The value Kim placed on love and passion is most obvious when we consider the circumstances of the eight female characters. If we were to look at the ranks of all the female leads, we would find among them a princess, court dancers, and even an assassin. Comparing The Nine Cloud Dream with romances from other countries further elucidates this key feature of the work. For example, if we were to contrast it with the model love stories of Japanese literature, The Tale of Genji by Murasaki Shikibu, completed at the end of the tenth century, and The Life of an Amorous Man by Ihara Saikaku, written at the end of the seventeenth century, we’d see that while the male leads certainly do have relationships with many women, they tend to be of one type. In The Tale of Genji, Hikaru Genji has relationships with ten or so major characters and other minor ones as well. Yonosuke of The Life of an Amorous Man, we are told, has slept with 3,742 women. Certainly, these are large numbers, but there is no variety in the women’s circumstances. In the case of Genji, most of his encounters are with court ladies, while Yonosuke courts only prostitutes and commoners. In contrast, So-yu takes women of every class as wives and concubines. While there may only be eight of them, one could consider these eight female characters as an attempt to represent a world bound together by love for all women.
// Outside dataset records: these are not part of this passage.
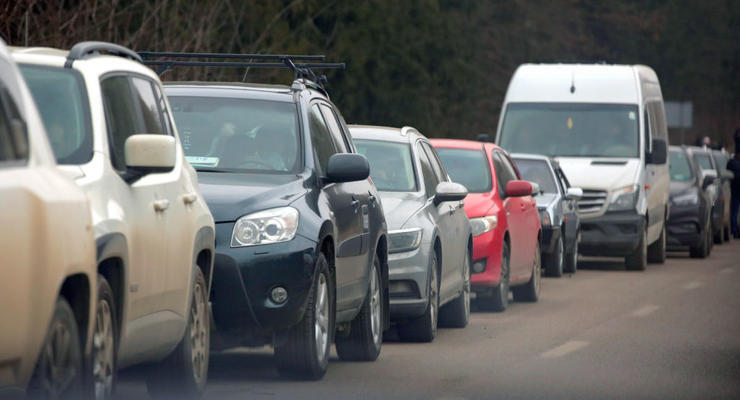 Машини з пробігом до 5 років: українці віддають перевагу бензиновим авто та електрокарам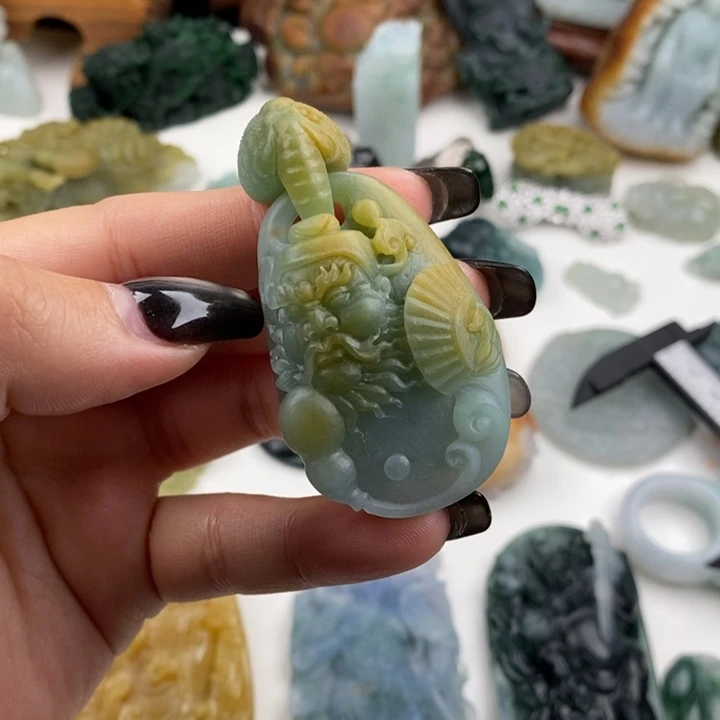 定制翡翠未镶嵌天然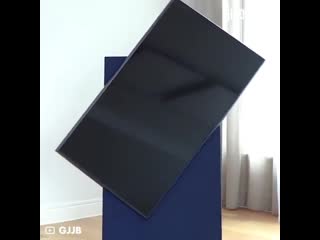 Samsung’s rotating tv is here to play your tiktok and instagram videos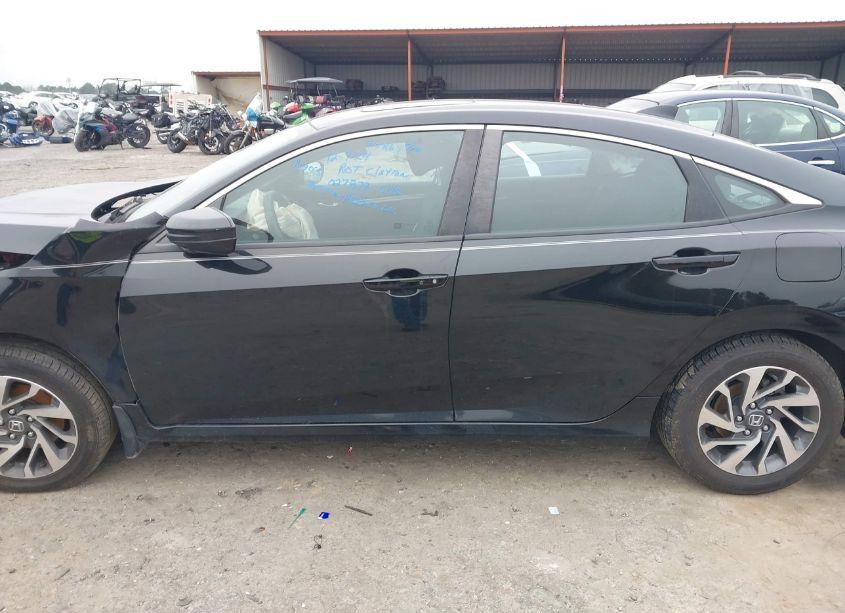 Photo 15 of 2017 Honda Civic EX (VIN 19XFC2F70HE027879)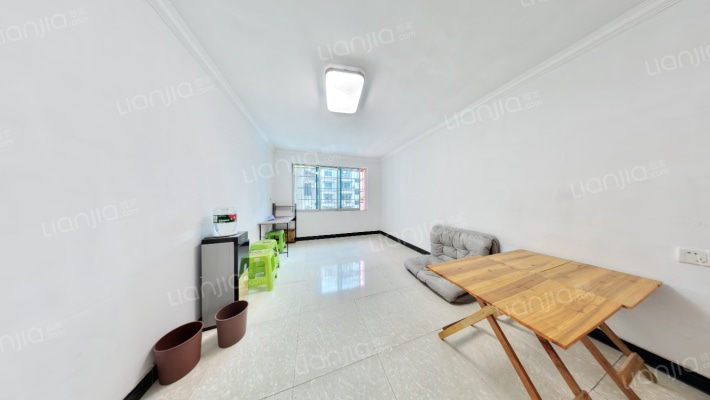 华联小区二手房实景图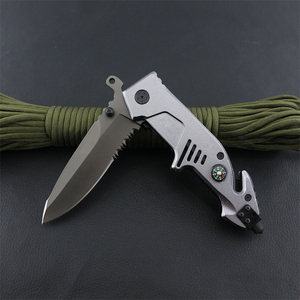 Couteau tactique de survie de haute qualité avec manche en aluminium, couteau pliable de poche pour l'extérieur, couteau en acier Magnacut avec brise-vitre - Product Image 4
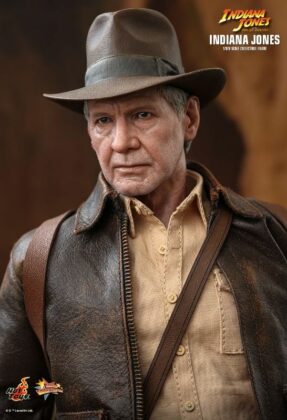 Indiana-Jones-Hot-Toys-action-figures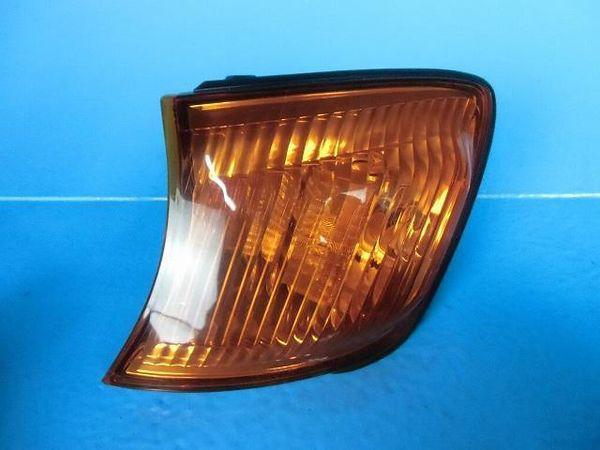 Toyota ipsum 2000 left clearance lamp [8011100]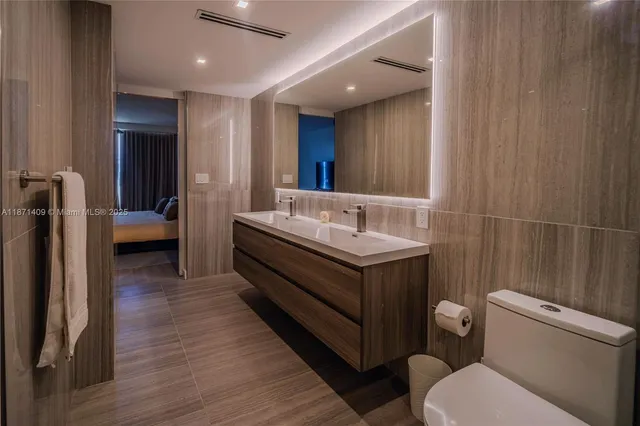 a en suite bathroom with a toilet sink and mirror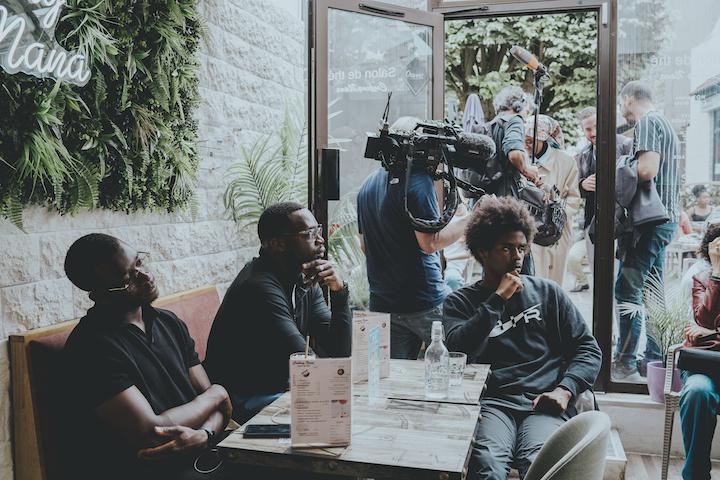 Une dizaine de jeunes sont venus pour rencontrer Adel Amara. Ils ont entre 19 et 25 ans, et comptent le soutenir dans sa campagne pour les législatives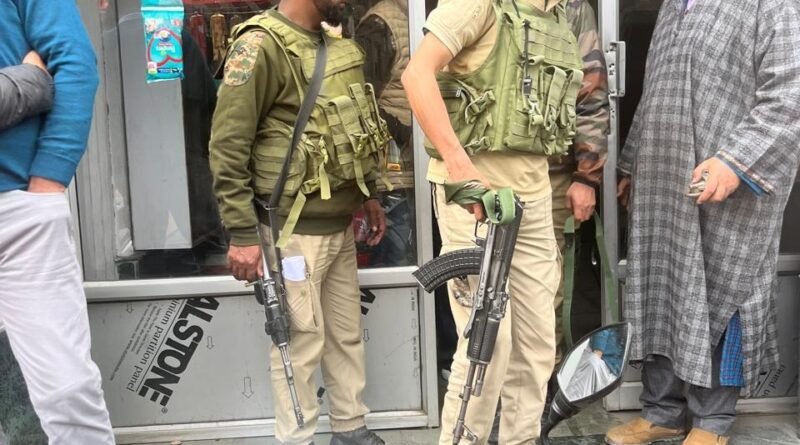 Anantnag Police Cracks Down on Illegal Sale of Controlled Medicines; Medical Store Sealed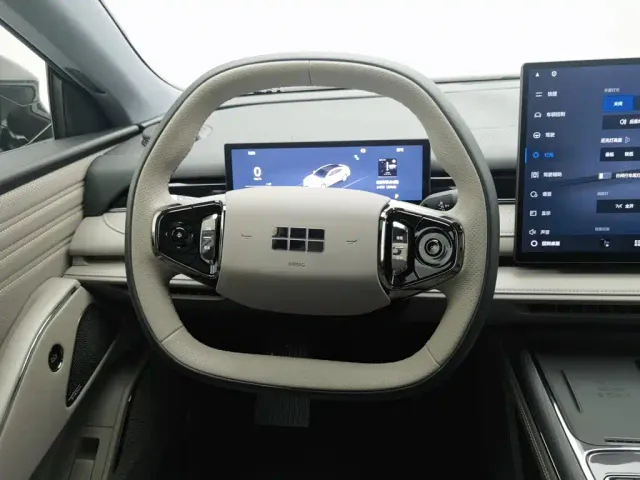 Geely Galaxy Xingyao 8 — Фото автомобиля 11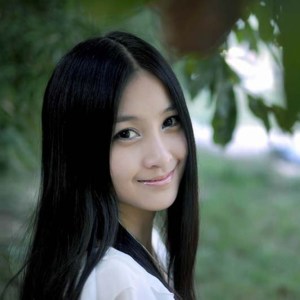 ดาวน์โหลดและฟังเพลง 昙花 พร้อมเนื้อเพลงจาก 姜宇清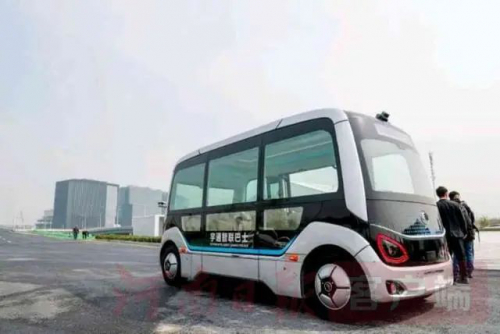 这地方公交车全是无人驾驶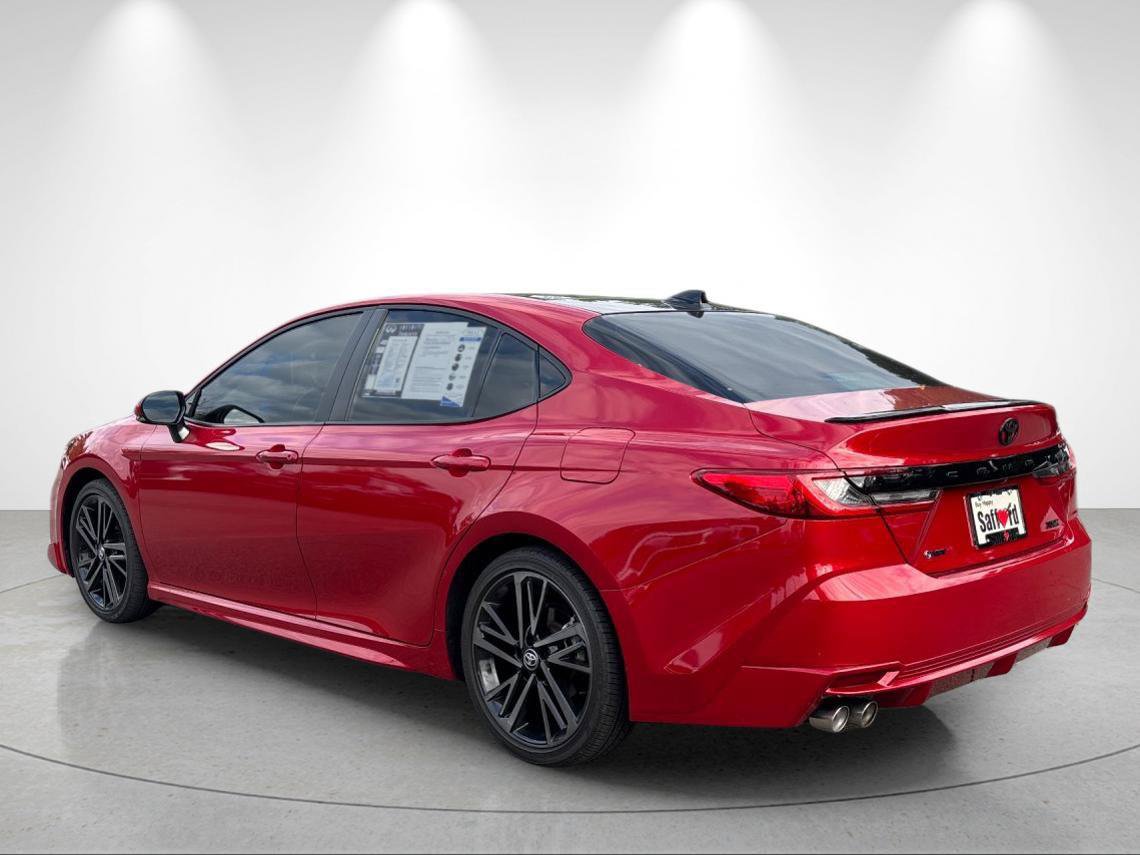 Used 2025 Toyota Camry XSE FWD image 3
But why would Kim try to depict such a world? He lived during an era of previously unseen violence and wrote this work in the postwar period. He survived the devastation of his country’s land by the Japanese invasion of Korea, and also the further loss of dignity brought about by the Qing invasion. During this era, the people of the Korean peninsula suffered greatly, and naturally, they had great resentment towards both the Japanese and the Qing. But Kim did not write a story of resentment. He responded to the situation with love. His stance is made clear through So-yu. When So-yu becomes a general and must respond to enemy aggressions, he does not rely on military force, but rather succeeds in ending conflicts through diplomatic means. Even when he is attacked by the assassin Yo-yeon, his words overflowing with love overcome her, and he transforms this enemy into an ally.
Just like Martin Luther King Jr.’s words which continue to resonate in our global world, Kim’s spirit of love and dreams is absolutely necessary in modern East Asia. That spirit which praises love and dreams so highly deserves respect in Japan and China as well. If we do not give it its proper due, postwar Asia will one day revert to prewar Asia, and history will be nothing more than a repetition of past follies.